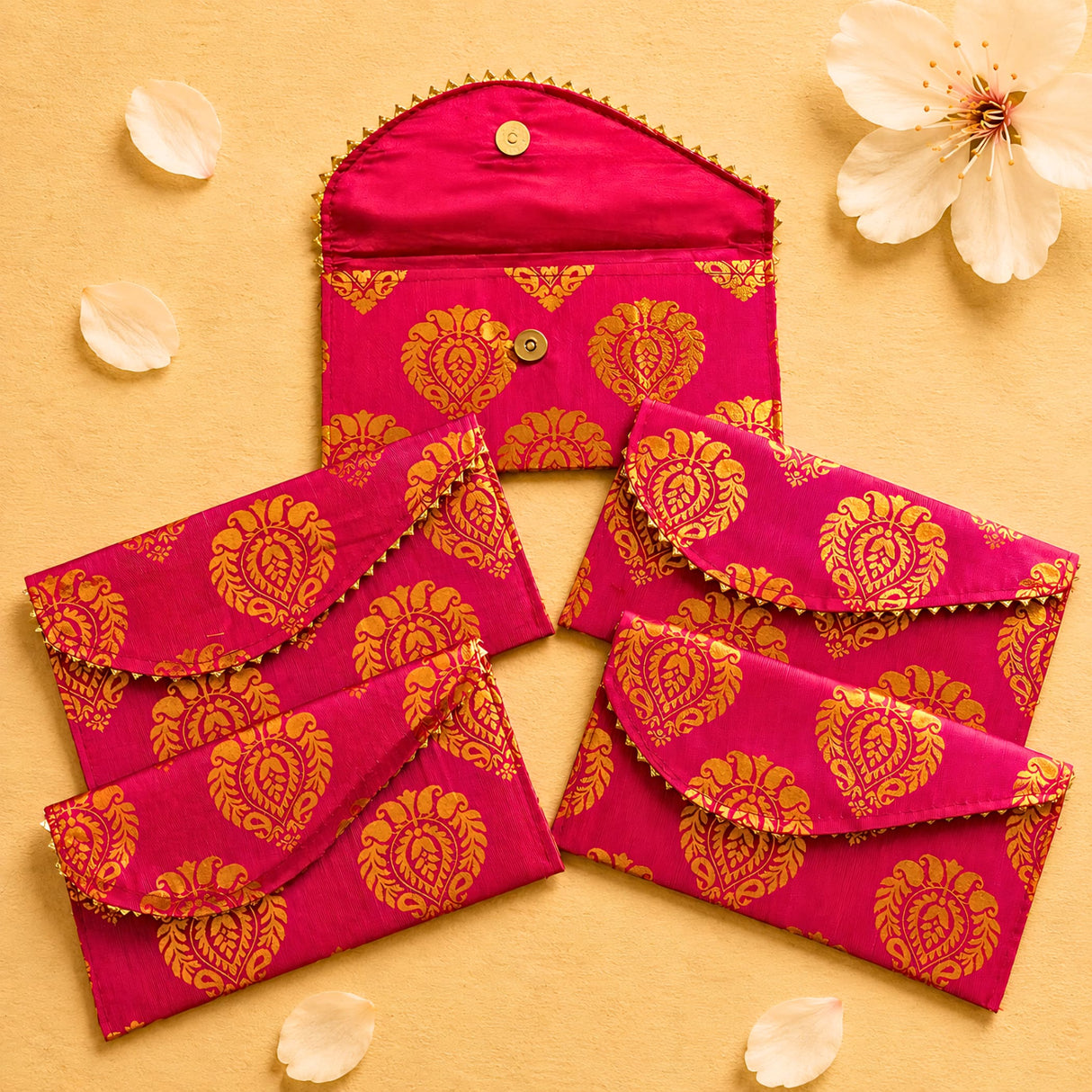 Brocade fabric money envelopes in vibrant fuchsia with gold paisley pattern and decorative button closures for gifting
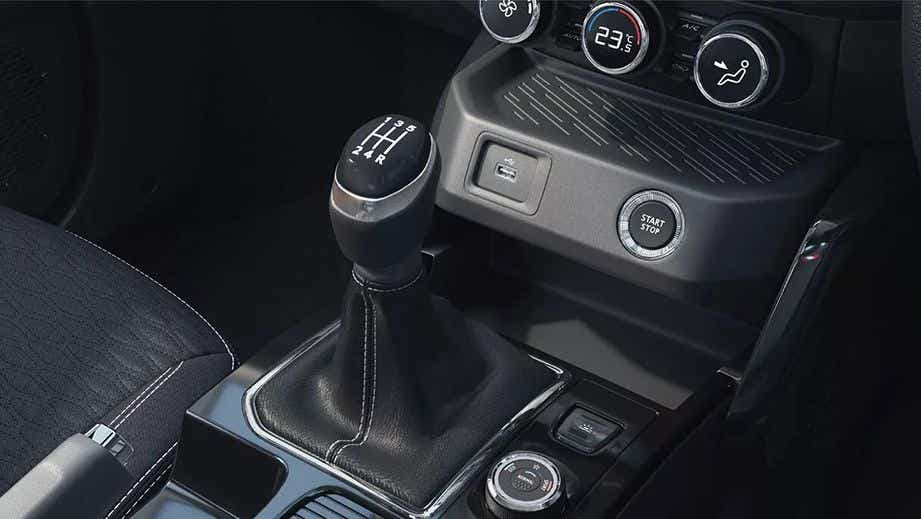 Gear shifter and dashboard controls of a Renault Kiger 2023-2024
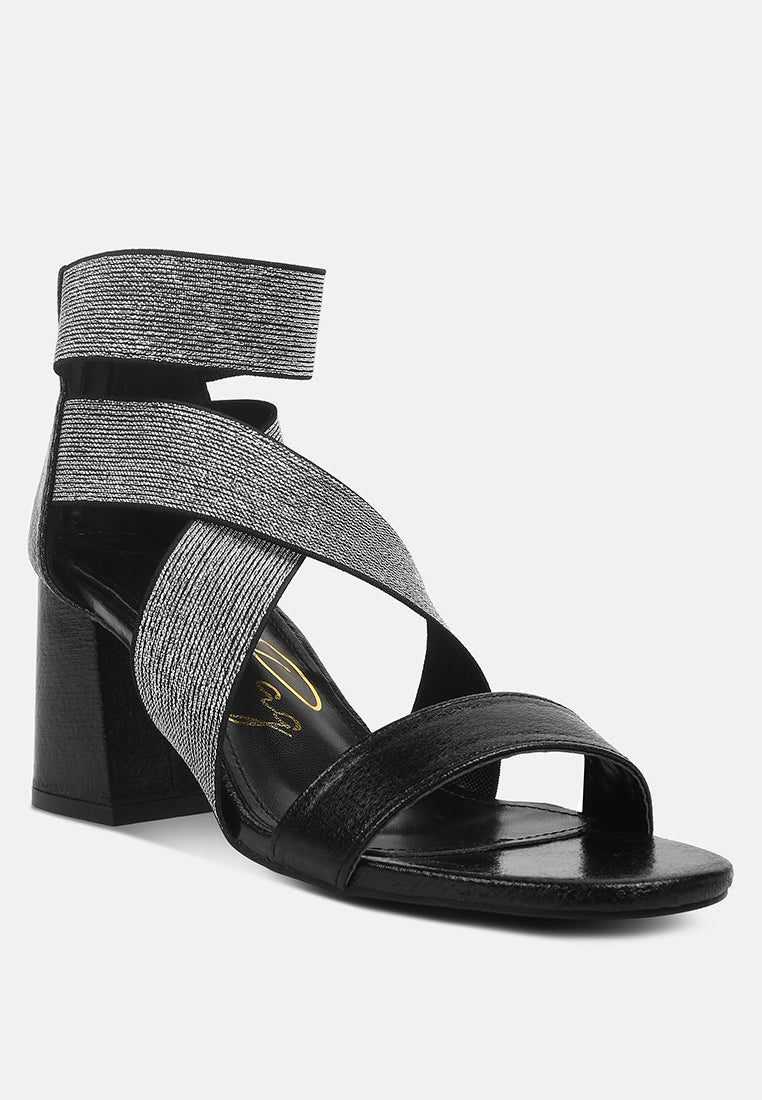 Black sandal with criss-cross straps on a white background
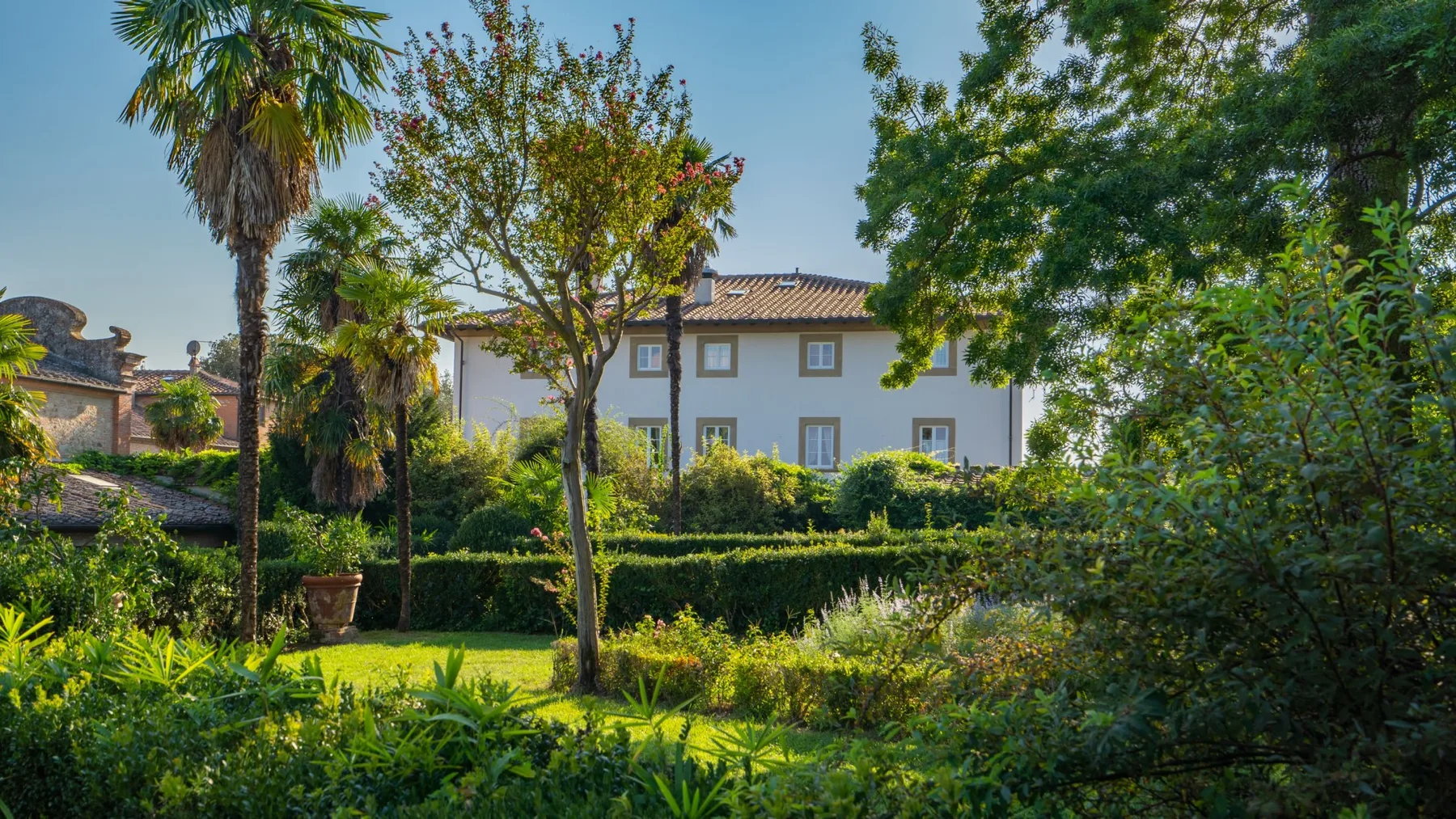 A landscaped garden with trees and shrubs in front of a building.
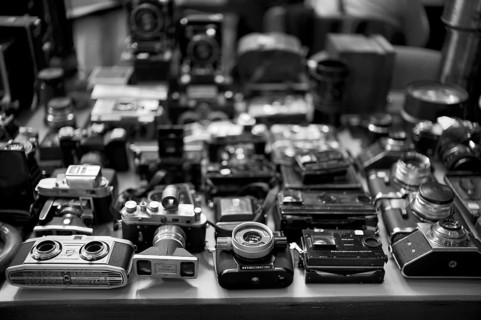 Photographica, old photo equipment, cameras, lenses, display, black and white, photo exchange,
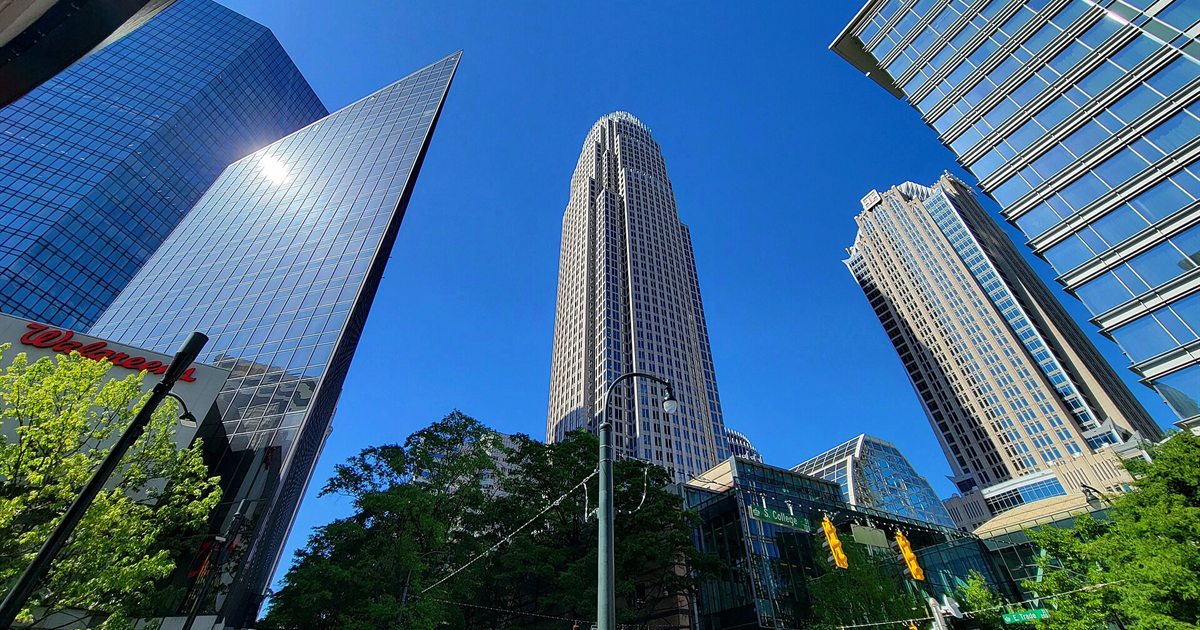 The Bank of America Corporate Center tower rising among glass skyscrapers in uptown Charlotte, North Carolina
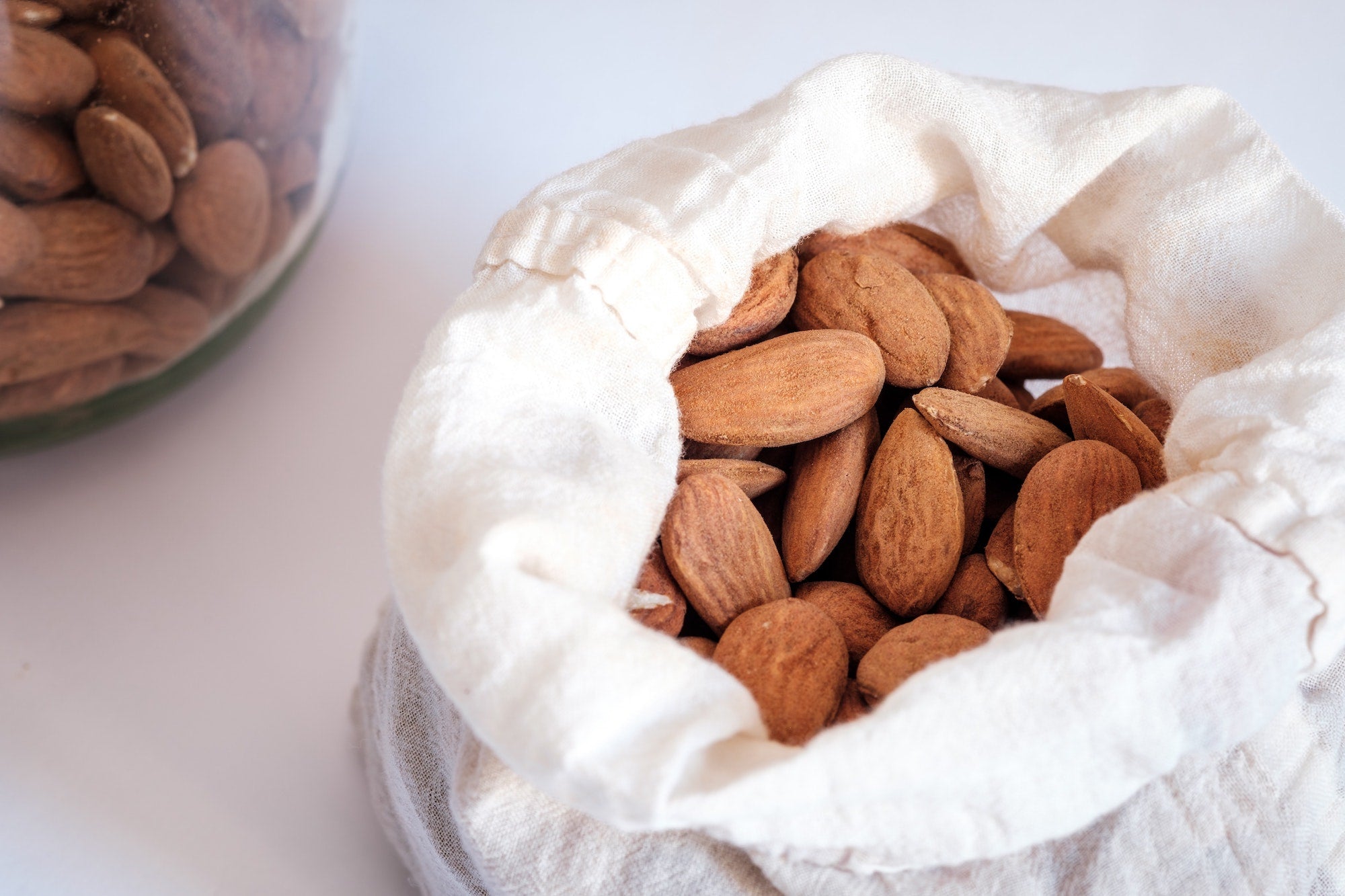 A cloth bag filled with dry roasted almonds, with a few almonds scattered outside the bag from Nutworks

*ASSIGNED TASK*: Reproduce only the lines between the line with "Photographica, old photo" and the final line of the records, both included, so that the copy matches them exactly and contains no pictures.

*ANSWER*:
 Photographica, old photo equipment, cameras, lenses, display, black and white, photo exchange,
 The Bank of America Corporate Center tower rising among glass skyscrapers in uptown Charlotte, North Carolina
 A cloth bag filled with dry roasted almonds, with a few almonds scattered outside the bag from Nutworks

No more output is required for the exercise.